Return each line of the data below exactly, omitting any pictures.

(INPUT RECORDS Opens)

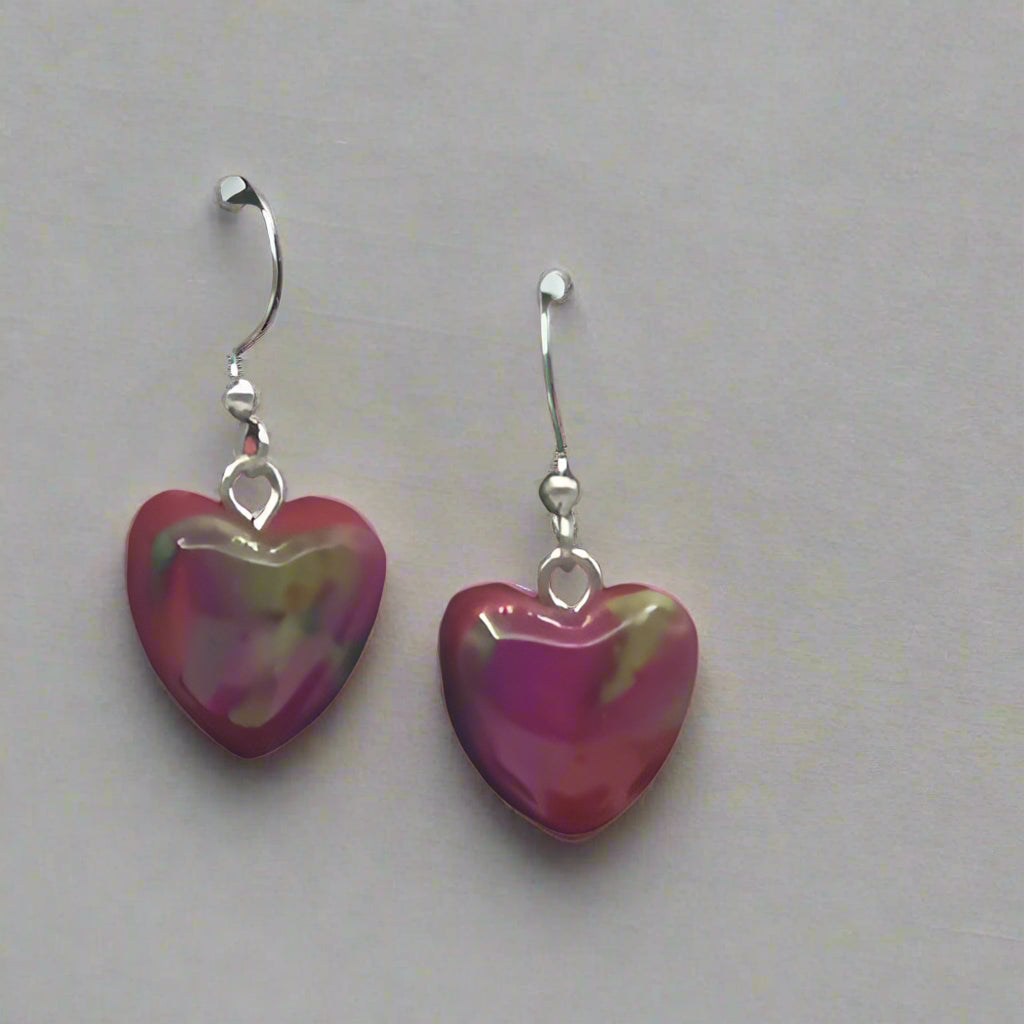 Small heart shaped pendant earrings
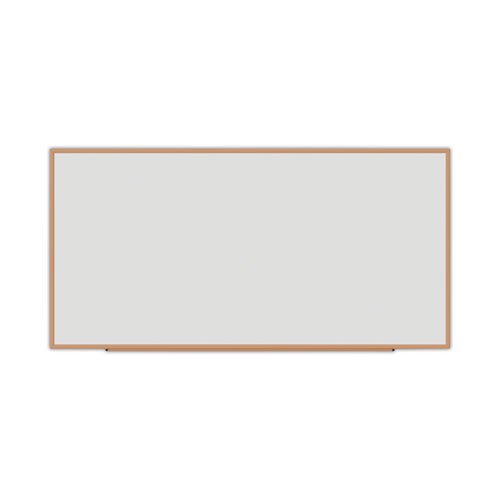 Image of Universal® Deluxe Melamine Dry Erase Board, 96 X 48, Melamine White Surface, Oak Fiberboard Frame
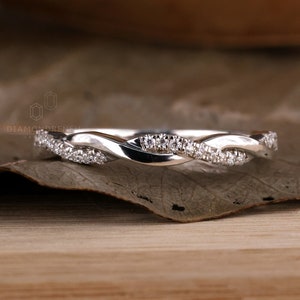 Round Diamond Infinity Twisted Pave Half Eternity Band, 0.09 TW Round Lab Grown Diamond Wedding Band, Stackable Band for Engagement Ring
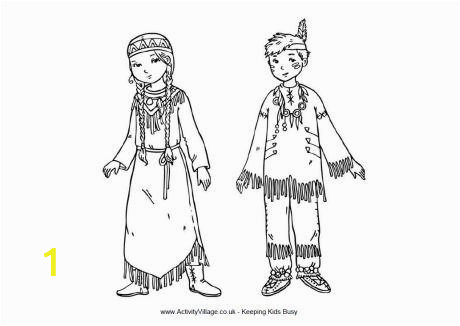 native american children colouring page native american coloring pages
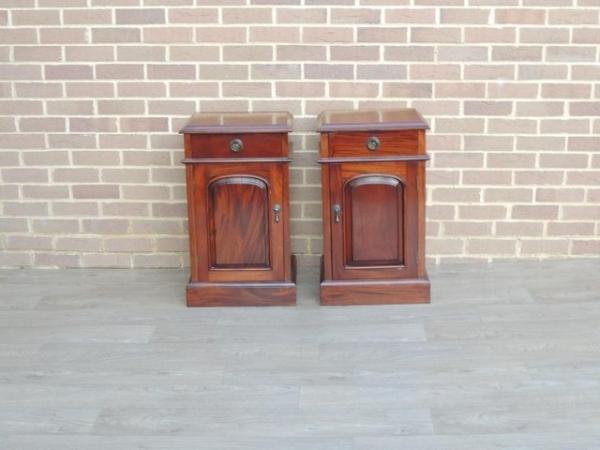 Image 2 of Pair of Mahogany Tall Bedside Cabinets (UK Delivery)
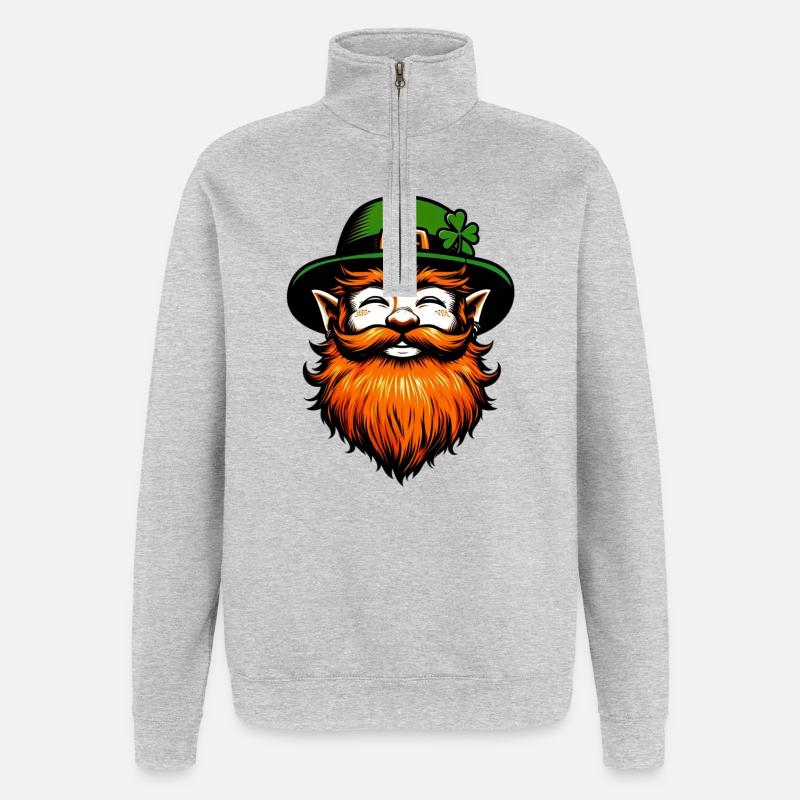 Irischer Kobold Irland - Quarter-Zip-Sweatshirt - Grau meliert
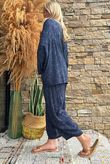 Kiti Paisley Damask Artist Smock Navy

(INPUT RECORDS Closes)

WRITTEN REPLY:
 Small heart shaped pendant earrings
 Image of Universal® Deluxe Melamine Dry Erase Board, 96 X 48, Melamine White Surface, Oak Fiberboard Frame
 Round Diamond Infinity Twisted Pave Half Eternity Band, 0.09 TW Round Lab Grown Diamond Wedding Band, Stackable Band for Engagement Ring
 native american children colouring page native american coloring pages
 Image 2 of Pair of Mahogany Tall Bedside Cabinets (UK Delivery)
 Irischer Kobold Irland - Quarter-Zip-Sweatshirt - Grau meliert
 Kiti Paisley Damask Artist Smock Navy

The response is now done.